Começa na ladeira da academia, passa pelo asfalto onde tem um desenho semelhante a giz em formato de coração, desce pela praça onde os cachorros ficam soltos, segue pela rua da árvore de pitangas, dobra à esquerda atravessando a placa sinalizadora de "Pare!" e não para ao meio-fio onde costumeiramente sentava, culminando no muro antes vermelho, no portão e naquele chão que era de cimento cru. Deitar ali dá saudade, irmã do tal amor.
Pareço um estrangeiro impróprio? Um extra-terrestre? Ah, seu moço aí do alto, do disco voador. Me leve com você, seja pra onde for. Ao sabor da brisa, me leve. Num respiro profundo, num pranayama, me leve. De dentro pra fora, de fora pra dentro, apurando o instrumento, leve, leve, leve.
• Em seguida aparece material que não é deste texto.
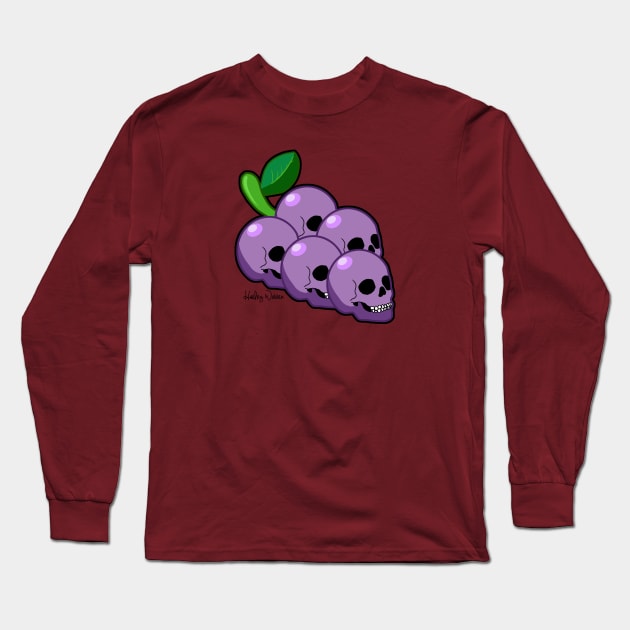 Three Grapes Win Long Sleeve T-Shirt by Harley Warren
E, se ainda assim eu não tiver inspiração, faço como minha geração: remixo. Mas continuo a amar declaradamente.
Se gostam, ou não, "whatever, forever", mudem a faixa.
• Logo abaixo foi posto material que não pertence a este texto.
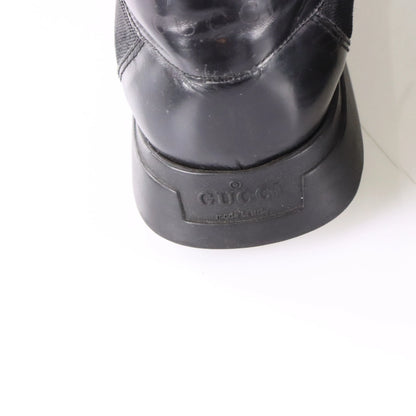 Vintage GUCCI Italy Made Black Leather Lace Up Dress Shoes (7 B)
"You don't know me. Bet you'll never get to know me". Na minha trilha sonora de malhação, também tem canção de amor! E na piscina, presto atenção nas conversas da raia ao lado. Foi assim que tudo de eterno começou.
E na meditação, na posição de lótus ou na invertida, felicidade, perdão, abundância, gratidão e amor. Destas coisas, sim, tenho infinita saudade. E dos abraços apertados (raros, mas vivos), dos afetos e cócegas e risos inesquecíveis, do agasalho dado, da corrente de prata emprestada, do presente eterno que não abro mão de ter sustentado quase ao peito numa oração permanente, dos gnomos, das amenidades dos dias.
Se, por hora, é pra eu me obrigar a ficar em silêncio, eu fico. Por amor, diga a todos que fico.
Se é pra eu derramar uma lágrima aqui ou ali, choro. Não tenho vergonha de ser.
Mas sigo pisando no passeio de cada rua que faz parte daquele caminho, como que num tapete de flores vermelhas e amarelas, e finjo que nem é comigo, que é só com a vida.
Minha gratidão a este silêncio, pois. E quando bate a saudade, nem vou pro mar. Eu só fecho os olhos e sinto um braço e uma mão tocando os meus. Deve ser o vento.
Pois que reafirmo aqui o amor, sabe? Um outro mundo assim é possível.
E se faço algo errado, eu peço desculpas, e reinicio o computador do mundo (mesmo que não funcione a webcam).
O mundo também toma forma no pensamento. Eu sou ainda muito jovem de corpo e muito mais de espírito. Santo? Não. Mas sou de duração indefinida.
Sou astrólogo, acredite! Ou macumbeiro, como graciosamente se diz.
Mas eu não sou drama! Sou só fama e nada mais.
Adoro subjetivar o que é naturalmente sem graça.
Se deve ser da idade? Não. É intensidade. É saudade. É coisa fácil e leve, na alma do meu paladar. Então, por obséquio, deixa eu amar.